ASSIGNED TASK.
The records are set out below this line. Return exactly the lines from the one containing "living room with" through the last, and exclude the pictures.

DATA TO EXAMINE.
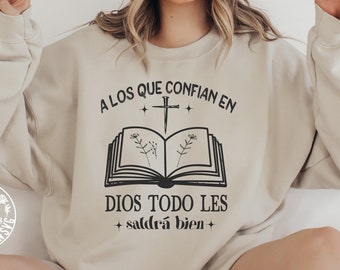 May include: A beige sweatshirt with a black graphic design that reads "A los que confian en Dios todo les saldra bien" with a cross and an open book with flowers.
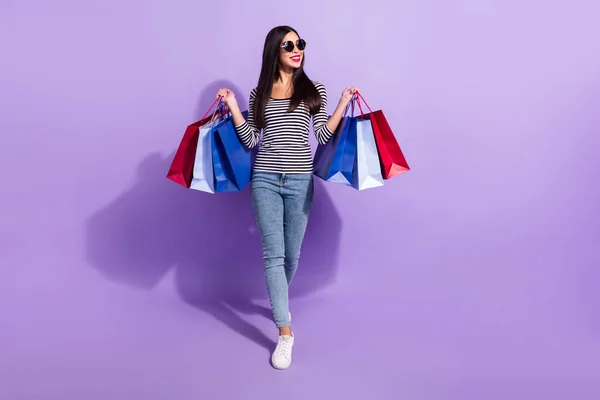 Foto em tamanho completo de jovem positivo bom humor mulher shopaholic ir andar olhar copyspace isolado no fundo cor violeta — Fotografia de Stock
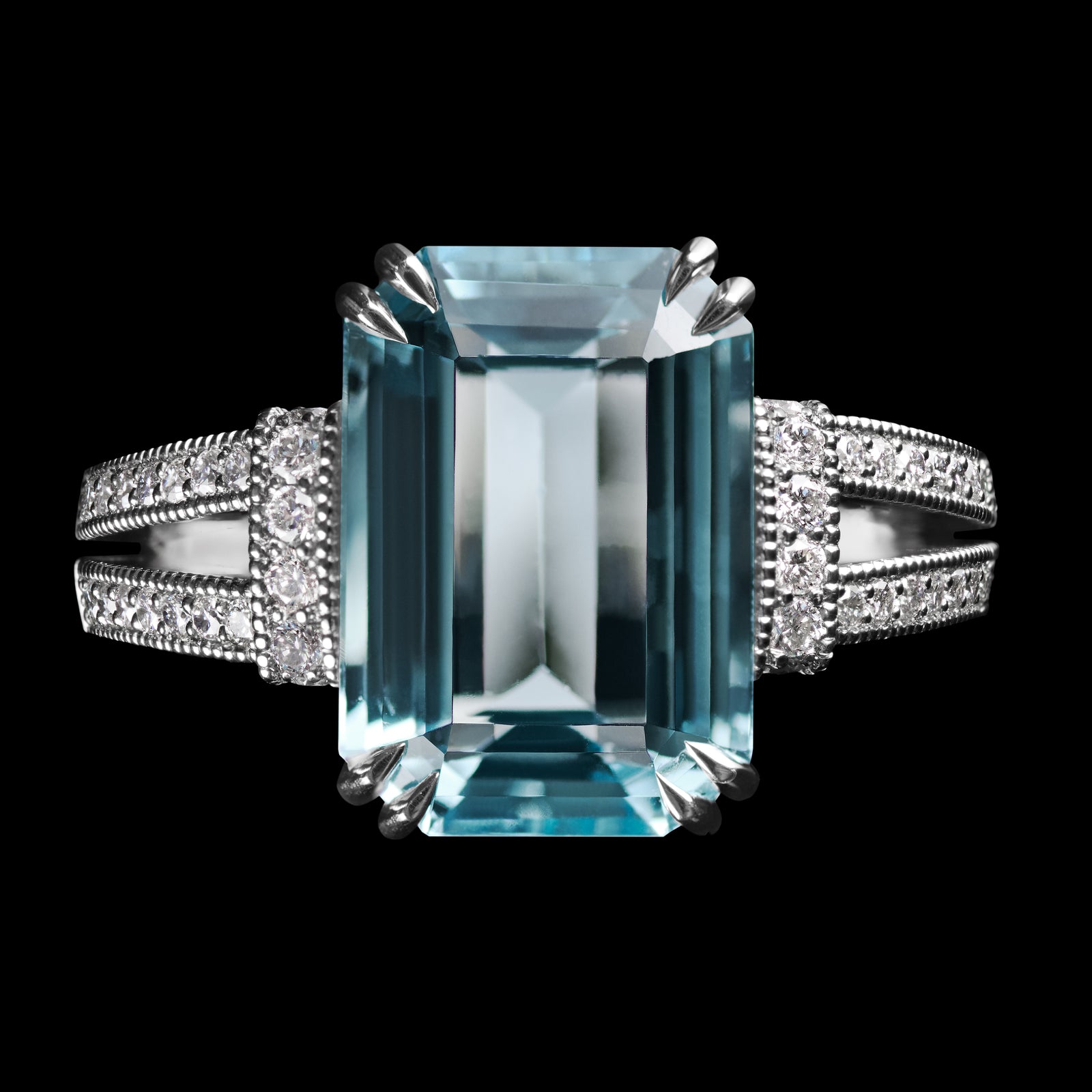 An Aquamarine single stone Ring with Diamond set shoulders.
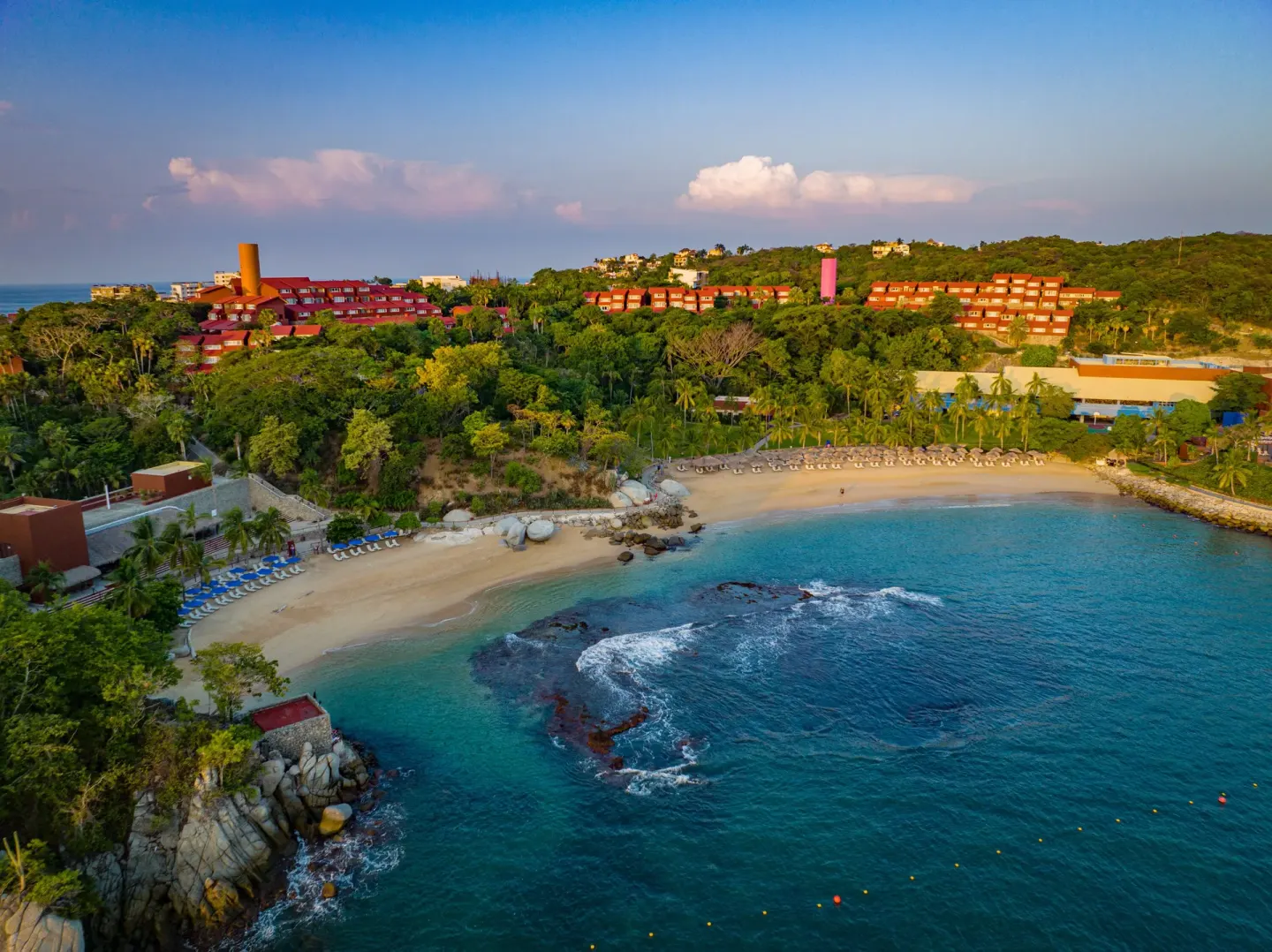Aerial view of the beach, bay, and hillside resort buildings at Las Brisas Huatulco.
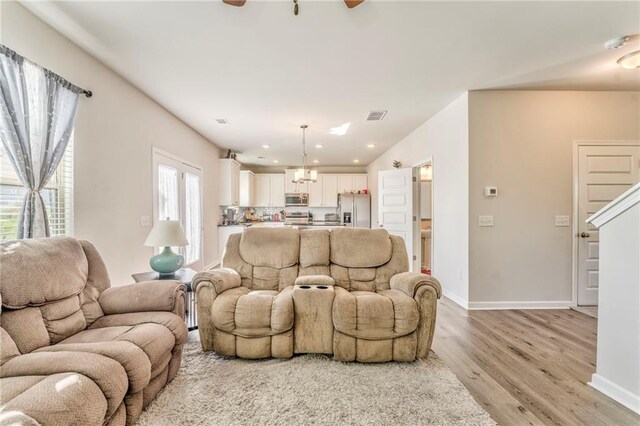 living room with ceiling fan, a wealth of natural light, and light hardwood / wood-style flooring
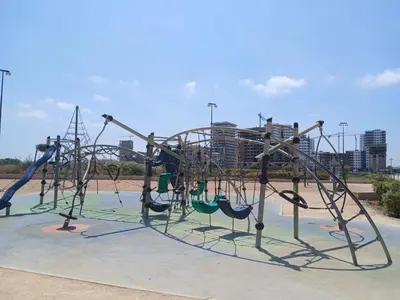 a playground with slides and swings in a park at Duplex Luxe 3 Chambres Vue Mer & Piscine à Zenata Eco City in Aïn Harrouda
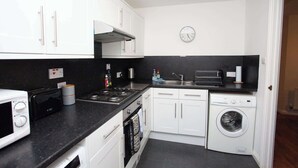 A compact kitchen with white cabinets, a microwave, a stove, a sink, and a washing machine. - Homely Flat close to Centre with Free Parking! (Glasgow)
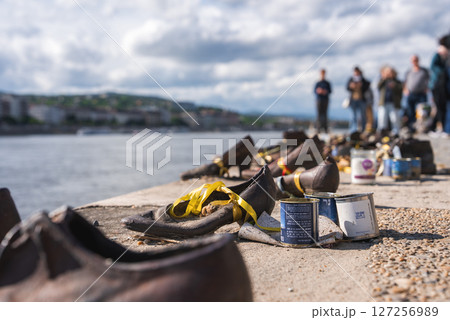 Iron shoes line the Danube River in Budapest, Hungary, with yellow ribbons and cans. Blurred figures and a cityscape appear under a partly cloudy sky. 127256989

THE COMPLETED TASK.
 living room with ceiling fan, a wealth of natural light, and light hardwood / wood-style flooring
 a playground with slides and swings in a park at Duplex Luxe 3 Chambres Vue Mer & Piscine à Zenata Eco City in Aïn Harrouda
 A compact kitchen with white cabinets, a microwave, a stove, a sink, and a washing machine. - Homely Flat close to Centre with Free Parking! (Glasgow)
 Iron shoes line the Danube River in Budapest, Hungary, with yellow ribbons and cans. Blurred figures and a cityscape appear under a partly cloudy sky. 127256989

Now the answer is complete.